=== INFORMATION ===
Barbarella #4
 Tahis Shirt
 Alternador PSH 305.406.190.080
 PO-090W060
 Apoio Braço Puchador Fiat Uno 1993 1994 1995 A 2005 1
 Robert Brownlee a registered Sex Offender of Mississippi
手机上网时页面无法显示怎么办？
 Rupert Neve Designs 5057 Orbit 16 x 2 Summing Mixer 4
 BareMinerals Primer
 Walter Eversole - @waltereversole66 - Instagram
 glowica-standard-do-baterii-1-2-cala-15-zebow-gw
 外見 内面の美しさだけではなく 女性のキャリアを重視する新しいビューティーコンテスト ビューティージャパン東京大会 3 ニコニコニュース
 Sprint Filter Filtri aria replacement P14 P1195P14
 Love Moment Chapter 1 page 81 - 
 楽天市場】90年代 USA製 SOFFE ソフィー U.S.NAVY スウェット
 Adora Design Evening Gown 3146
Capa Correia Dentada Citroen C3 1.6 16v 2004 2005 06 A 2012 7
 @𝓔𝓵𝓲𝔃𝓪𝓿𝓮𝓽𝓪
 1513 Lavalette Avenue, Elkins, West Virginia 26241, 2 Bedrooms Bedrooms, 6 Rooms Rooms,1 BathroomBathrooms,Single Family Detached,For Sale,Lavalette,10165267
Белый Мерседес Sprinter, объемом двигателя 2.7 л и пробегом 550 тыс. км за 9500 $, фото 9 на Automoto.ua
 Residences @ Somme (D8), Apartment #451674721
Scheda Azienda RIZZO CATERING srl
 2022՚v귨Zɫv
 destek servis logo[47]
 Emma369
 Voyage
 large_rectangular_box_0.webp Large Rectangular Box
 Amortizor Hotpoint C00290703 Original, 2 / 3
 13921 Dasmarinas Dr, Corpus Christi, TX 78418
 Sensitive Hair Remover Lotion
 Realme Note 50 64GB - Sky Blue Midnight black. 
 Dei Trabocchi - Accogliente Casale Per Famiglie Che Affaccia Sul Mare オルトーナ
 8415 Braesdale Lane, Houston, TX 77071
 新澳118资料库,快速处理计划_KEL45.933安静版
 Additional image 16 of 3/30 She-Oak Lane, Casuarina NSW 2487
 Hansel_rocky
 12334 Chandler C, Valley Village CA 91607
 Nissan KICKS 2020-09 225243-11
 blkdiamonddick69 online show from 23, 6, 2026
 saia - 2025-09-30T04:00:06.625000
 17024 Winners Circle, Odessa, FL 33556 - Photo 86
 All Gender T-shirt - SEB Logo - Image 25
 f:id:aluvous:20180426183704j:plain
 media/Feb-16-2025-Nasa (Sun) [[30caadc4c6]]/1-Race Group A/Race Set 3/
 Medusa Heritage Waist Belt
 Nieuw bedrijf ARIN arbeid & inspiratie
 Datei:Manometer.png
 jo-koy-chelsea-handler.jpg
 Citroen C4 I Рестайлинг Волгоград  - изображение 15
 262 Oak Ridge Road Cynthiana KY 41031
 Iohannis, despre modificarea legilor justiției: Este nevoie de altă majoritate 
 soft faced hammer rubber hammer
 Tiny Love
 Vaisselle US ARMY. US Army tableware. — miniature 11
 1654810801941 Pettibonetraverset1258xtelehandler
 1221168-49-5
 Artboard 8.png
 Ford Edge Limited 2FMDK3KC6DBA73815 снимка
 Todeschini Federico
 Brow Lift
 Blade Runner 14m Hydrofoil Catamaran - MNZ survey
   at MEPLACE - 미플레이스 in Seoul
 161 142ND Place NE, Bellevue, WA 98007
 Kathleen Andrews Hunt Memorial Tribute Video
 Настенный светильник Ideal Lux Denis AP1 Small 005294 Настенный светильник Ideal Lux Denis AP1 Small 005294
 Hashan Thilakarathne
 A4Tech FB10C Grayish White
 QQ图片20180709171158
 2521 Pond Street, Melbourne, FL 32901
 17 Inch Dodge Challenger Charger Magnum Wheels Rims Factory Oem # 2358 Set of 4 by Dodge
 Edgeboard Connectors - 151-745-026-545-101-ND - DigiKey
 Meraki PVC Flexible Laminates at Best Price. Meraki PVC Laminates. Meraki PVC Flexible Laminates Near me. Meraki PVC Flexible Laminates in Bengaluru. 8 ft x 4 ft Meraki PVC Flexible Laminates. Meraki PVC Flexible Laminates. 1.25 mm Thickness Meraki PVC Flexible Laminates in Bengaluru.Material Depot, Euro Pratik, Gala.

=== TRY IT ===
Work out how many lines in the data above contain the word "Love" and respond with that number only.

=== RESPONSE BELOW ===
2